4) Provide employee assistance
A crucial component of any organisation’s drug-safe workplace program are Employee Assistance Programs (EAPs), which are typically created to help address and resolve work performance issues brought on by substance abuse and other personal problems. EAPs should offer short-term counselling and referrals, as well as more services related to alcohol and drugs, such as supervisor training and employee education, which will be quite beneficial to employees and the organisation alike.
In the EAP, employers have a vehicle for demonstrating how much they value and respect the members of their workforce, regardless of how troubled they are. EAPs accommodate workers with issues, which is undoubtedly a much better route to take than termination or dismissal, as it shows the employer has clearly made an effort to help their employees in dire circumstances.
5) Implement alcohol and drug testing
Of all components of a drug-safe workplace program, it’s the testing for alcohol and drugs that is proving to be a bit tricky. In many cases, drug testing in the workplace could come into conflict with laws that guarantee an individual’s right to privacy, among other things. That is why employers must be familiar with existing local, state, and federal laws that may have an impact on the way drug and alcohol testing in the workplace is. Seeking legal opinion before the implementation of any drug testing program is strongly recommended.
In any case, employers should take a number of factors into consideration before they develop drug and alcohol testing policies and make drug testing a part of their drug-safe workplace program. The persons to be tested, for one, should be explicitly made clear, whether it’s all employees or just those working safety-sensitive jobs.
The timing of the tests should also be clearly stated. The employees need to know whether the tests will be done pre-employment, at random, or upon reasonable suspicion, among others.
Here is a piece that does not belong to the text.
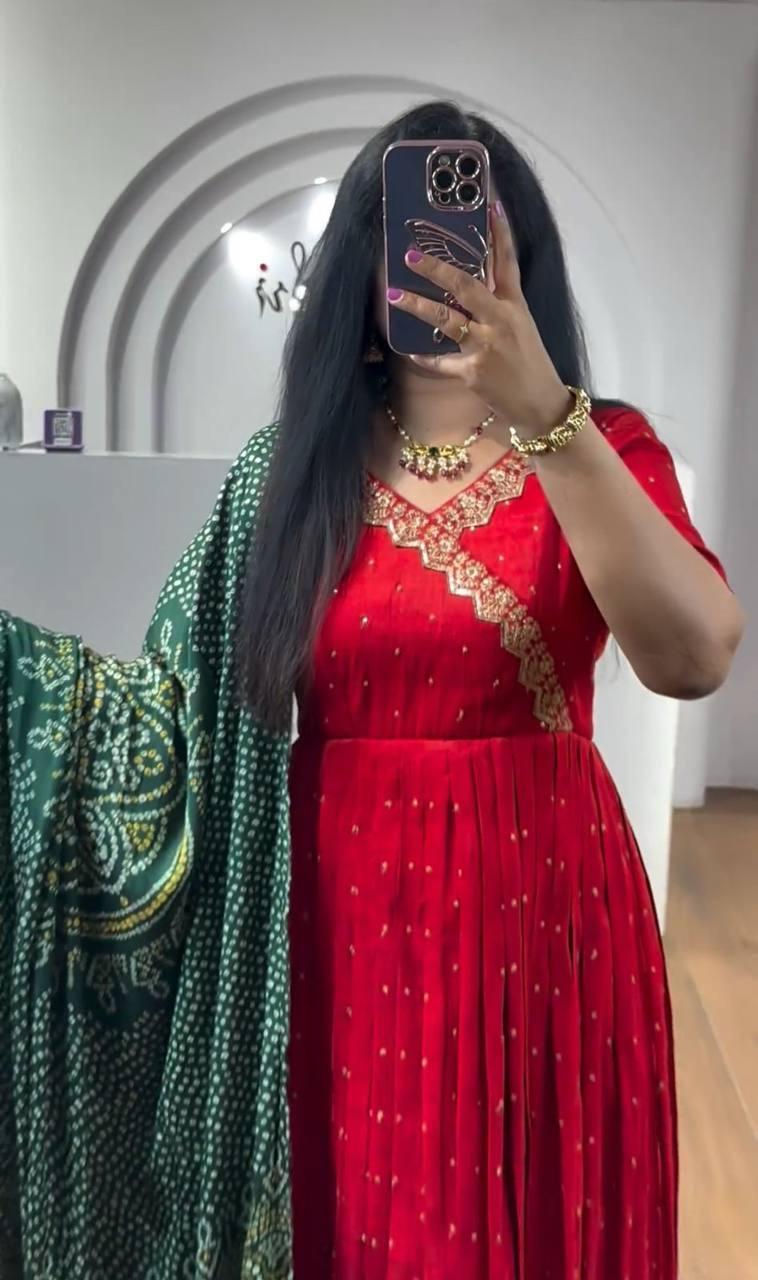 Red Chinon Thread Sequence Work Gown | Gowns, Bollywood Gowns, Creative Gowns, Designer Gowns, Embroidered Gowns, Party Wear Gowns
In addition, the employer should inform everyone which drugs they will be tested for. Usually, government agencies test for marijuana, opiates, amphetamines, cocaine, and PCP, but the employer can opt to include alcohol, prescription drugs, and other substances.
An effective drug testing policy also needs to indicate how the on-site drug testing is to be conducted. It could be through a urinalysis, hair test, blood tests, sweat patches, and a number of other testing modes. However, as previously stated, there may be laws that dictate the types of testing modes employers may and may not use on employees, so it bears repeating that employers should have legal counsel first before moving forward with the drug testing.